Volunteers would be asked to report to Highworth Post Office. Postmistress Mabel Stranks, who has a road in Highworth named after her in tribute to her role, would alert Coleshill by telephone.
The volunteers would be picked up in an army truck and driven to the training ground.
Tom said: “The route would be deliberately confusing, so the volunteers didn’t know exactly where they were.”
Apart from the hedge marking the footprint of the house, little remains of the sights the volunteers would have known. Remaining traces include a blocky, deserted building on the approach road to the estate from Highworth, which Tom strongly believes was a gatehouse.
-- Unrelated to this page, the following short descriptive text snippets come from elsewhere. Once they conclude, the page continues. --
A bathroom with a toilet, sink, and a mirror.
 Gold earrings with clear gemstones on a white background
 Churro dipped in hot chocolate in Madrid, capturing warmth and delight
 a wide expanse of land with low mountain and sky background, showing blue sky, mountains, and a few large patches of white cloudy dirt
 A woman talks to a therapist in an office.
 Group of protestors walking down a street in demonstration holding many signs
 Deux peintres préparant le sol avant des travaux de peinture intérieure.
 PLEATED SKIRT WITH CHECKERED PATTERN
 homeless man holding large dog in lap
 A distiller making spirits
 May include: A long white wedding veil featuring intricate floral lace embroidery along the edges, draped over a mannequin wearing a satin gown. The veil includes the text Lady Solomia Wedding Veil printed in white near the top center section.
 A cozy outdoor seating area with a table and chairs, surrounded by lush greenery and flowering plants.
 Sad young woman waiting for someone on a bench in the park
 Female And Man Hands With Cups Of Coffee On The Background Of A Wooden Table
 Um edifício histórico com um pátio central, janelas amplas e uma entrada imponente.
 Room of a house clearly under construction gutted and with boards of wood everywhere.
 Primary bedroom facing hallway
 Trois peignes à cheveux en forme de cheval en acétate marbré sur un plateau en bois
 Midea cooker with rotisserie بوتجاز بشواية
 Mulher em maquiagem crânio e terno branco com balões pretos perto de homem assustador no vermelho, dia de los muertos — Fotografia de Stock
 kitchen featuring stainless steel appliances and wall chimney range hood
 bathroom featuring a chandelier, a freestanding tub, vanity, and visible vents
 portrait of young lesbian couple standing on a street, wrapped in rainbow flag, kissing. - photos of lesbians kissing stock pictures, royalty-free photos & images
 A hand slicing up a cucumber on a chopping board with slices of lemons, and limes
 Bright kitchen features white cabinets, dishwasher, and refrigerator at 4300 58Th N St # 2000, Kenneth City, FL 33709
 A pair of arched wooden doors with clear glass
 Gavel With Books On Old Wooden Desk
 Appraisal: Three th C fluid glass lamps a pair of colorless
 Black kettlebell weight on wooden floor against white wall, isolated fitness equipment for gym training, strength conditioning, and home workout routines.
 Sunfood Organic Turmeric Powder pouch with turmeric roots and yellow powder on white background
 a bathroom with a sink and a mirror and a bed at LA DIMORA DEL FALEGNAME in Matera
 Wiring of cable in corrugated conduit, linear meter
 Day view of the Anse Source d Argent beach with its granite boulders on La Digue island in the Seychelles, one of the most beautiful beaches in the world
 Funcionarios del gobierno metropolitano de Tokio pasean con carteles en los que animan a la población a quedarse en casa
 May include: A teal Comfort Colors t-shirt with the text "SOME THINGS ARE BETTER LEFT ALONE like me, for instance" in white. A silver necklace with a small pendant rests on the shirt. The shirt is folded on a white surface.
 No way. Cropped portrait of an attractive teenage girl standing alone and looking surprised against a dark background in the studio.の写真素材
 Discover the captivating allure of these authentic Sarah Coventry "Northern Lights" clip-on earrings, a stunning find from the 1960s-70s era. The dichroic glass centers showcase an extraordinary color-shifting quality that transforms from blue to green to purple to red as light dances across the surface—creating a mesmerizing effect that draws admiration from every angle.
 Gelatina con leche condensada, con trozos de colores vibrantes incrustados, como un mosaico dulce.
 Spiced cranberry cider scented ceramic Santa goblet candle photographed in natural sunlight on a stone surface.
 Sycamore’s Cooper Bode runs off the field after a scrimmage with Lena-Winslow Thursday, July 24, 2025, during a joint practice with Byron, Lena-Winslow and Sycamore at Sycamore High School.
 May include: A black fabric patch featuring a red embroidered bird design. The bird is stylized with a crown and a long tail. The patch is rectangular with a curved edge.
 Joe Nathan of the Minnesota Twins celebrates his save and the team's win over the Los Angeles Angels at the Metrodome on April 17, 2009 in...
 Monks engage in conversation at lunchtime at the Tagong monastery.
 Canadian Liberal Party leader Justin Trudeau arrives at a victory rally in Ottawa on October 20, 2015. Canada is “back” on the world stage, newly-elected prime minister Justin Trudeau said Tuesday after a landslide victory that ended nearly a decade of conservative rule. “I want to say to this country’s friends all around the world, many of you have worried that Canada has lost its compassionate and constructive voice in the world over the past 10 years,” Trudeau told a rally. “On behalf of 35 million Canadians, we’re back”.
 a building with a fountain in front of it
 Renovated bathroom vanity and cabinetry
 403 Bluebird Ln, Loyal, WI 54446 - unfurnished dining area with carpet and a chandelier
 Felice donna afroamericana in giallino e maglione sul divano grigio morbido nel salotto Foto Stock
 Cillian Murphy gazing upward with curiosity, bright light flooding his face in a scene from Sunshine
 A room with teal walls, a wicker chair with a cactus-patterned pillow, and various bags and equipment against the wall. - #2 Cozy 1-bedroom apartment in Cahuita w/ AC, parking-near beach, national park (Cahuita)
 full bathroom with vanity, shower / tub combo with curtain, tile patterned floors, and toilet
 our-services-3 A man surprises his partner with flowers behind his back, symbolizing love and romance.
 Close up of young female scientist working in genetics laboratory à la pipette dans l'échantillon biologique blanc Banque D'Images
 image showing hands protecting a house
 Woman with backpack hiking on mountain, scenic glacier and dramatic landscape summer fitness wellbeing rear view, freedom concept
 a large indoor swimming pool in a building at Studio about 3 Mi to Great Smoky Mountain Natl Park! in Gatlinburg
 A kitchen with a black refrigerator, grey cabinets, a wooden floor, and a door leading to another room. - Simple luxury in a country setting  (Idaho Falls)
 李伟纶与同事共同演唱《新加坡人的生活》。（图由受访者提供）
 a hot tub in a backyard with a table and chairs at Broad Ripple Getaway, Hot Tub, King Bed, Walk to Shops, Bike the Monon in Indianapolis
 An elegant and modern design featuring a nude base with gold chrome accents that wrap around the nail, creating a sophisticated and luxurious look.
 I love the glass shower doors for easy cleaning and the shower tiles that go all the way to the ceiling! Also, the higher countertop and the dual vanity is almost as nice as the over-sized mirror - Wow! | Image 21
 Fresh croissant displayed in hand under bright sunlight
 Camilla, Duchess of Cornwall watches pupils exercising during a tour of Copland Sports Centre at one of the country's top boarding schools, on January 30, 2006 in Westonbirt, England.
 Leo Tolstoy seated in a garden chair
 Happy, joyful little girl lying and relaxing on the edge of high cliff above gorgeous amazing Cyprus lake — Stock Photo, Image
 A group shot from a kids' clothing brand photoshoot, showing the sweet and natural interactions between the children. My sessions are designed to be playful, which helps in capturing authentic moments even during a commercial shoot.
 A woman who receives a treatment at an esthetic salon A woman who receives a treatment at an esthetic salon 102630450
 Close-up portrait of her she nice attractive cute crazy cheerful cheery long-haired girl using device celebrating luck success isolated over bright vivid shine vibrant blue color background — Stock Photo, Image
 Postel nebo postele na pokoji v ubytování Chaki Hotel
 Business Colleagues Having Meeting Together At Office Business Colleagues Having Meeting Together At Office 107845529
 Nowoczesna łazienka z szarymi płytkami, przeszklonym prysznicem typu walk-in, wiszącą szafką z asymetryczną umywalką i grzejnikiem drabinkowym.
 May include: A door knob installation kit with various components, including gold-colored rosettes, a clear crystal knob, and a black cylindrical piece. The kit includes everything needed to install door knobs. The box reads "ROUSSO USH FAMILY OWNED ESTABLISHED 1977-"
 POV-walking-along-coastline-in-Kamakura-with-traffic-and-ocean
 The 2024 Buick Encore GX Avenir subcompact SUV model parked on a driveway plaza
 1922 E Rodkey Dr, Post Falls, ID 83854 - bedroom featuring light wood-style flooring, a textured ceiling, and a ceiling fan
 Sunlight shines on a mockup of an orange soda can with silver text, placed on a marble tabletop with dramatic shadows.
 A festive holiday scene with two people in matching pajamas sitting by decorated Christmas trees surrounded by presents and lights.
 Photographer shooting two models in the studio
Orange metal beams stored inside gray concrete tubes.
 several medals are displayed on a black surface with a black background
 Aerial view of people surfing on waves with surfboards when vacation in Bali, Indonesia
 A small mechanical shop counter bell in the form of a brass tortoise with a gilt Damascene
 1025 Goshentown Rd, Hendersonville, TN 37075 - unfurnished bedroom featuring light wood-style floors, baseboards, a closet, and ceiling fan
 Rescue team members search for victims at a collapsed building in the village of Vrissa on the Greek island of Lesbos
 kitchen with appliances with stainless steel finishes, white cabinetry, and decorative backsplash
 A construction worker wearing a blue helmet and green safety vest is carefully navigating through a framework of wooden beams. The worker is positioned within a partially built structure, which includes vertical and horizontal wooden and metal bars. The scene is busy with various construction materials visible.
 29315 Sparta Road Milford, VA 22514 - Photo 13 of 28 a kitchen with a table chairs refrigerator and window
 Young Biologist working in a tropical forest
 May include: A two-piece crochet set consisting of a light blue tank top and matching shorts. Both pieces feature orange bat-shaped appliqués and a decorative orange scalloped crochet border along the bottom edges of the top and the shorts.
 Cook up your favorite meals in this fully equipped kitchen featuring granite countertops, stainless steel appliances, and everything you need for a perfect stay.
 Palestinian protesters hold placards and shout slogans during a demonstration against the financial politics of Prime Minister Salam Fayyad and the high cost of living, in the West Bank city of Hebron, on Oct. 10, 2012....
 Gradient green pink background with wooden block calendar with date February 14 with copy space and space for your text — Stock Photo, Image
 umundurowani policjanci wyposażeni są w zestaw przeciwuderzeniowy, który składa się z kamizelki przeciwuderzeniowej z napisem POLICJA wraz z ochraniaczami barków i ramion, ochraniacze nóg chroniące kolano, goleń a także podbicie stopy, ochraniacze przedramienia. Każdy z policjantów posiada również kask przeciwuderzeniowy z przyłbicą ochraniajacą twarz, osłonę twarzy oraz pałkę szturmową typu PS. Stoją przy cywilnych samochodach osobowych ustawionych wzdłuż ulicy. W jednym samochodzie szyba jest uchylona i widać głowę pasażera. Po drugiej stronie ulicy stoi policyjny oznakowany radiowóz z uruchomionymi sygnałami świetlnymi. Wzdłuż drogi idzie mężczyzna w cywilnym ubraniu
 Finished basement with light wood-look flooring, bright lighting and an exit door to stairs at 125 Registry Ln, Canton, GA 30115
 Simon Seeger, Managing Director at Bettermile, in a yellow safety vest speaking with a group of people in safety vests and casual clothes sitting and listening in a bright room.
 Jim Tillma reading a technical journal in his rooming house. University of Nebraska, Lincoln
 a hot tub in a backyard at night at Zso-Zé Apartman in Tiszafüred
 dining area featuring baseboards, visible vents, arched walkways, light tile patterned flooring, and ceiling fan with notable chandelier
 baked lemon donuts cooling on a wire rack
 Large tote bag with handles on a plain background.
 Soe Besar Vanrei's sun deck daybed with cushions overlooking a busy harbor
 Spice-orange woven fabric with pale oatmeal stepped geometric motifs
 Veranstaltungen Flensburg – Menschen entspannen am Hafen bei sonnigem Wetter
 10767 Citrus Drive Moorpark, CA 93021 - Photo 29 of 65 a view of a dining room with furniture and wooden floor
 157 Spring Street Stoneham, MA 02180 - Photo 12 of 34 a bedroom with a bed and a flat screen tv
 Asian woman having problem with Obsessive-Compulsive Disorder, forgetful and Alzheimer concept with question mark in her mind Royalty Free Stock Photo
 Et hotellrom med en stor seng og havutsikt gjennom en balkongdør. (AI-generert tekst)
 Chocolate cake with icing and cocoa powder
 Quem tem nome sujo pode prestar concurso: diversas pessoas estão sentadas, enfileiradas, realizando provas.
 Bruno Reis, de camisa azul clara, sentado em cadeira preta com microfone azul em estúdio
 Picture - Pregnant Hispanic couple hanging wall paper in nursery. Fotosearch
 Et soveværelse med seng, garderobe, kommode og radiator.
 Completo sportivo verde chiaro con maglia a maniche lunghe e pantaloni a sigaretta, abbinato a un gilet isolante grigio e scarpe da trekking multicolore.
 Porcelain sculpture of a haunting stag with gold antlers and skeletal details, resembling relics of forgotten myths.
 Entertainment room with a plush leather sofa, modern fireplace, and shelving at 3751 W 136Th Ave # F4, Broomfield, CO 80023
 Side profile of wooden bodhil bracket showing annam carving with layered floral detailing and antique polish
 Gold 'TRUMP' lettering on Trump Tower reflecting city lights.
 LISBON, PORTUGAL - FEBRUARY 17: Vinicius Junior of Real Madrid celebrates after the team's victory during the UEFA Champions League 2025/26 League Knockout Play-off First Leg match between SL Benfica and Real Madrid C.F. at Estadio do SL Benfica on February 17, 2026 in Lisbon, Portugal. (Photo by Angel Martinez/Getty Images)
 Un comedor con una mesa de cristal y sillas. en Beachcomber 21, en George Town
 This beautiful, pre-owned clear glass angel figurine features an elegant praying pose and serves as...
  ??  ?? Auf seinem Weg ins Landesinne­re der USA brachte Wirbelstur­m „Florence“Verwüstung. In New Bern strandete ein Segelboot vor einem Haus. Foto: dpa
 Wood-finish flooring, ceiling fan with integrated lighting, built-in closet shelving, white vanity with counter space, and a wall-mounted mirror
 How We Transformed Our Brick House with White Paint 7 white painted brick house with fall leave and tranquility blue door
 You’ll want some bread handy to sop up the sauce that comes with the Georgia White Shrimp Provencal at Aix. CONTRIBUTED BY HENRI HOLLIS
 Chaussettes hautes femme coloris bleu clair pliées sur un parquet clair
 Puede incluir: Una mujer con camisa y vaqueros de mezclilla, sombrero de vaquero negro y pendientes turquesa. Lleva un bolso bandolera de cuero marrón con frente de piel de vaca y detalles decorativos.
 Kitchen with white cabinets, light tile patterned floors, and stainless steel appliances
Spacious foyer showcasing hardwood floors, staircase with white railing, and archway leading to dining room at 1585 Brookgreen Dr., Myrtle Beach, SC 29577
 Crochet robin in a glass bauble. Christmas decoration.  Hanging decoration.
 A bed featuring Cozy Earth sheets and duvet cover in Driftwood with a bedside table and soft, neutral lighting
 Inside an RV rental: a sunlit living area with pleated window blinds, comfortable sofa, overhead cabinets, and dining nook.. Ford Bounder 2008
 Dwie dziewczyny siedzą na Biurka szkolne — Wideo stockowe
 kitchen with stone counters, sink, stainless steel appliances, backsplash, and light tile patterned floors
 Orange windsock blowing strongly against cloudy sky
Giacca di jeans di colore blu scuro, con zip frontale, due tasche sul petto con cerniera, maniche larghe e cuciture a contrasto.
The buildings surrounding the old stable yard, used during the war as billets and training facilities, are owned, like the rest of the estate, by the National Trust, and are rented to tenants.
(This is why Tom requests that people with an interest in Coleshill’s secret history check out his website rather than traipsing around the area themselves.) The most atmospheric relic by far, though, is an old underground training bunker that lies beneath woodland in a location Tom asked me not to reveal.
A claustrophobic concrete and corrugated iron semi-cylinder about the size of a large van, it was used to demonstrate to volunteers how to build and use such bunkers in their own areas. There would once have been six fold-down bunk beds, a stash of weapons and a meagre stove whose chimney came out above ground and was hidden by a fake tree.
The entrance shaft is screened by a zig zag of stout brick walls.
“They were designed to protect the occupants from hand grenades,” he said. “And a German soldier would have had to take some of his equipment off to get inside.”
And there, beneath the ground in Swindon, Southampton, Carlisle, Chester or wherever, that soldier and his comrades would have been met by the Auxiliary Unit, ordinary people ready to fight to the death and trained at Coleshill.